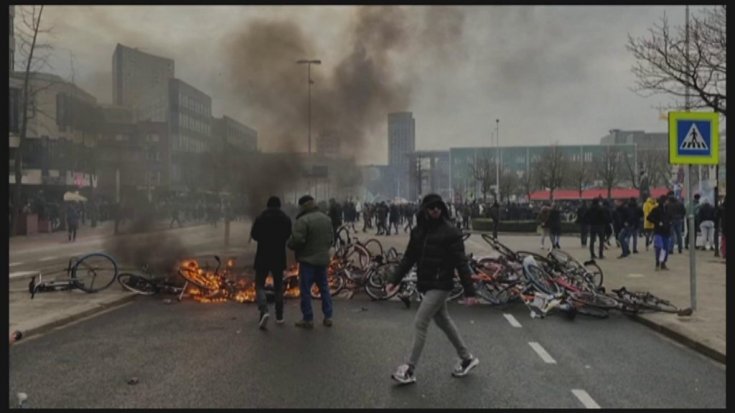 Hollanda'da aşırı sağcıların başını çektiği sokağa çıkma yasağı protestoları sonrası 15 kentte acil durum ilan edildi Hollanda'da aşırı sağcıların başını çektiği sokağa çıkma yasağı protestoları sonrası 15 kentte acil durum ilan edildi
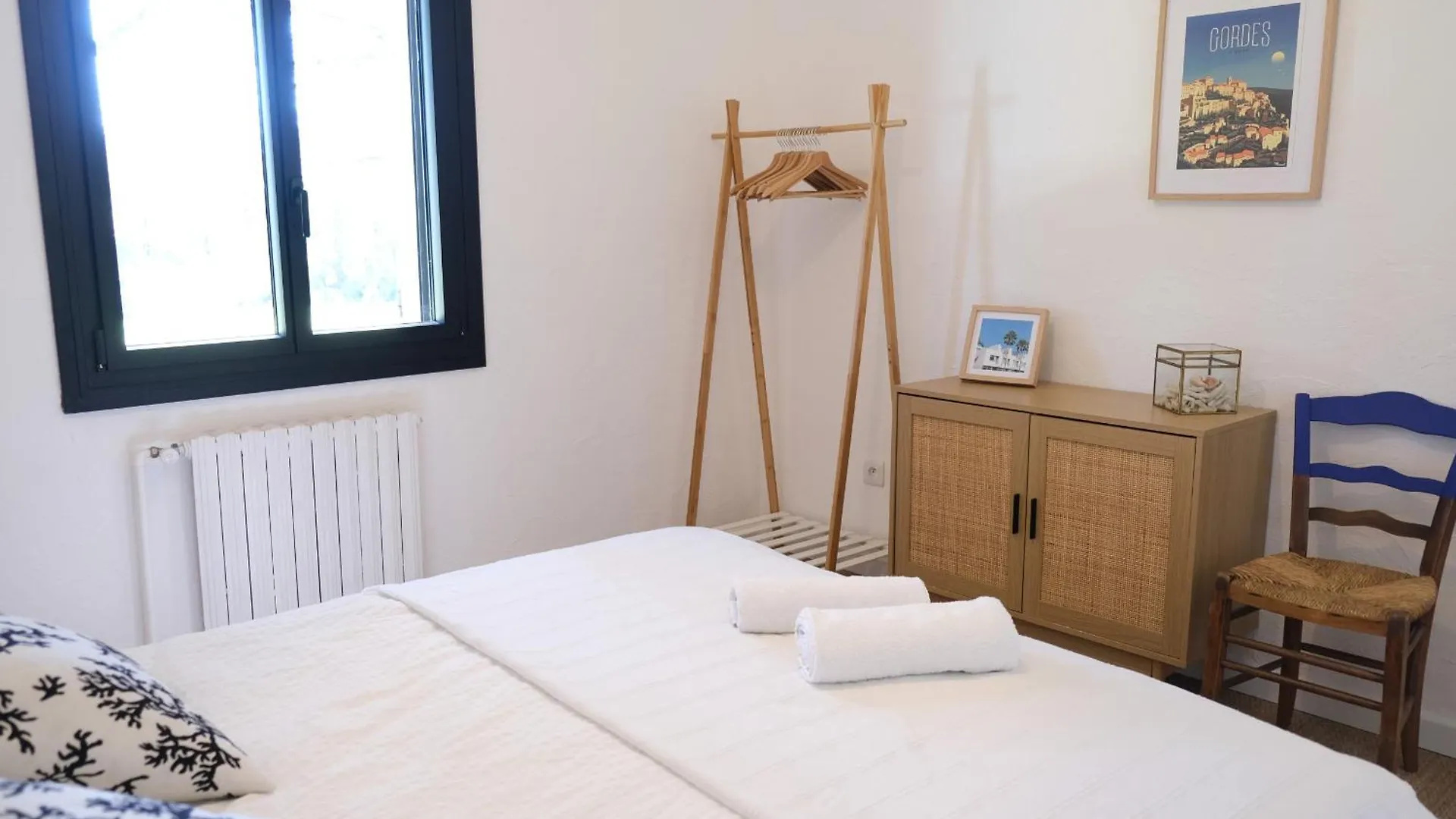 Vila Charming House With Private Pool In Lagnes, Near Isle Sur La Sorgue, In The Luberon, In Provence, For 8 People Francie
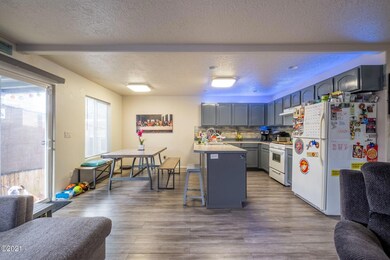 687 SE Quay Ave, Lincoln City, OR 97367 - photo 4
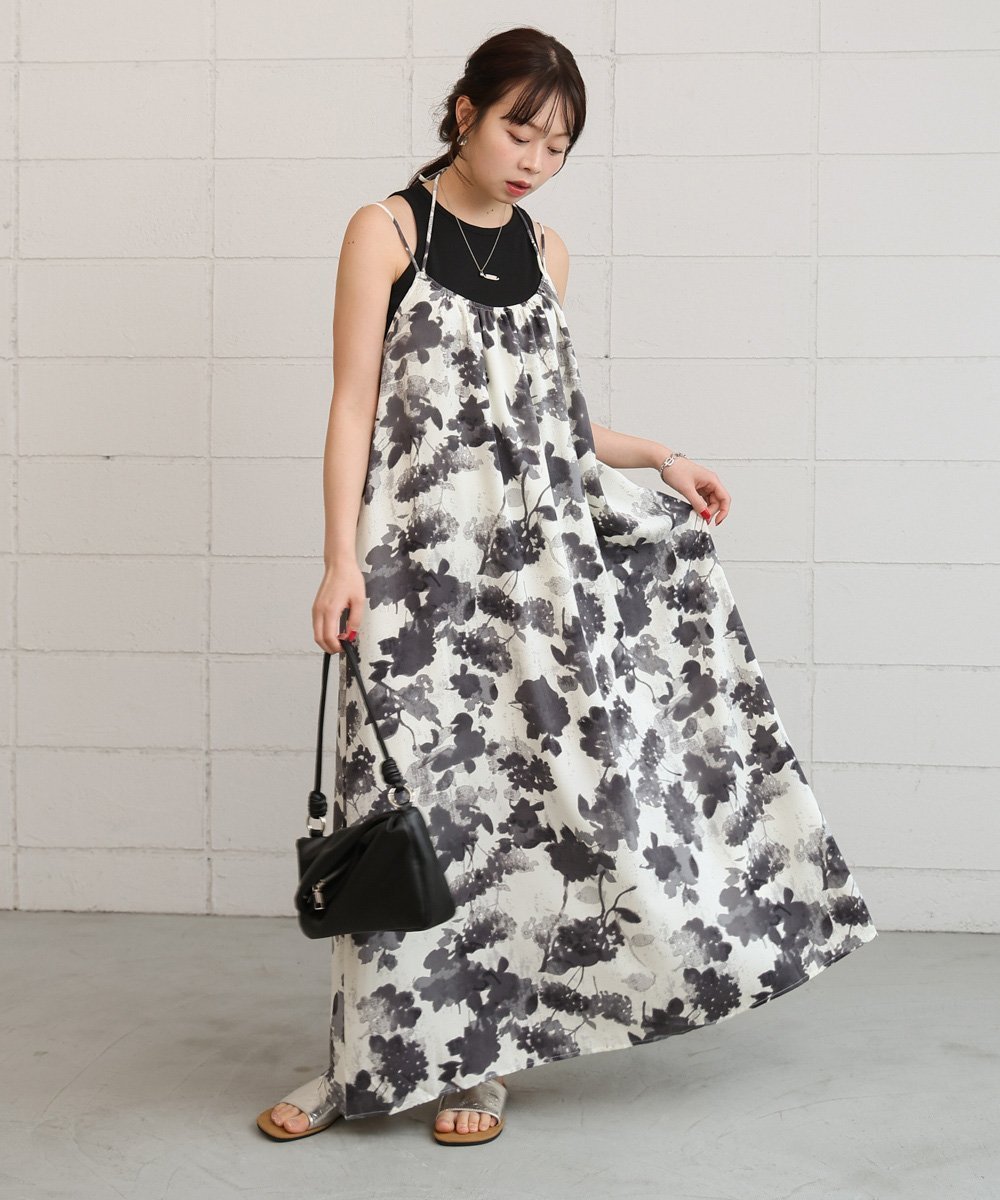 【バブ ブージュルード/Bab Bou Jeloud】のアートフラワー柄キャミワンピース 人気、トレンドファッション・服の通販 founy(ファニー) 　ファッション　Fashion　レディースファッション　Fashion for Women　ワンピース　Dresses　キャミソールワンピース　Camisole Dresses　キャミワンピース　Cami Dress, Slip Dress　サンダル　Sandals, Summer Shoes　シンプル　Simple, Minimal　スマート　Smart, Elegant　チェック　Check, Plaid, Tartan　フィット　Fit, Slim Fit　フラット　Flat, Flat Shoes　フラワー　Flower, Floral　フレア　Flare, Flared　プリント　Print, Printed Pattern　リボン　Ribbon, Bow　再入荷　Restock / Back in Stock　 other-1|ID: prp329100004809614 ipo3291000000034906046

^^^^

The lines to copy run from the one with "Vila Charming House" through the end of the material. Write them out exactly, leaving out the pictures.

 Vila Charming House With Private Pool In Lagnes, Near Isle Sur La Sorgue, In The Luberon, In Provence, For 8 People Francie
 687 SE Quay Ave, Lincoln City, OR 97367 - photo 4
 【バブ ブージュルード/Bab Bou Jeloud】のアートフラワー柄キャミワンピース 人気、トレンドファッション・服の通販 founy(ファニー) 　ファッション　Fashion　レディースファッション　Fashion for Women　ワンピース　Dresses　キャミソールワンピース　Camisole Dresses　キャミワンピース　Cami Dress, Slip Dress　サンダル　Sandals, Summer Shoes　シンプル　Simple, Minimal　スマート　Smart, Elegant　チェック　Check, Plaid, Tartan　フィット　Fit, Slim Fit　フラット　Flat, Flat Shoes　フラワー　Flower, Floral　フレア　Flare, Flared　プリント　Print, Printed Pattern　リボン　Ribbon, Bow　再入荷　Restock / Back in Stock　 other-1|ID: prp329100004809614 ipo3291000000034906046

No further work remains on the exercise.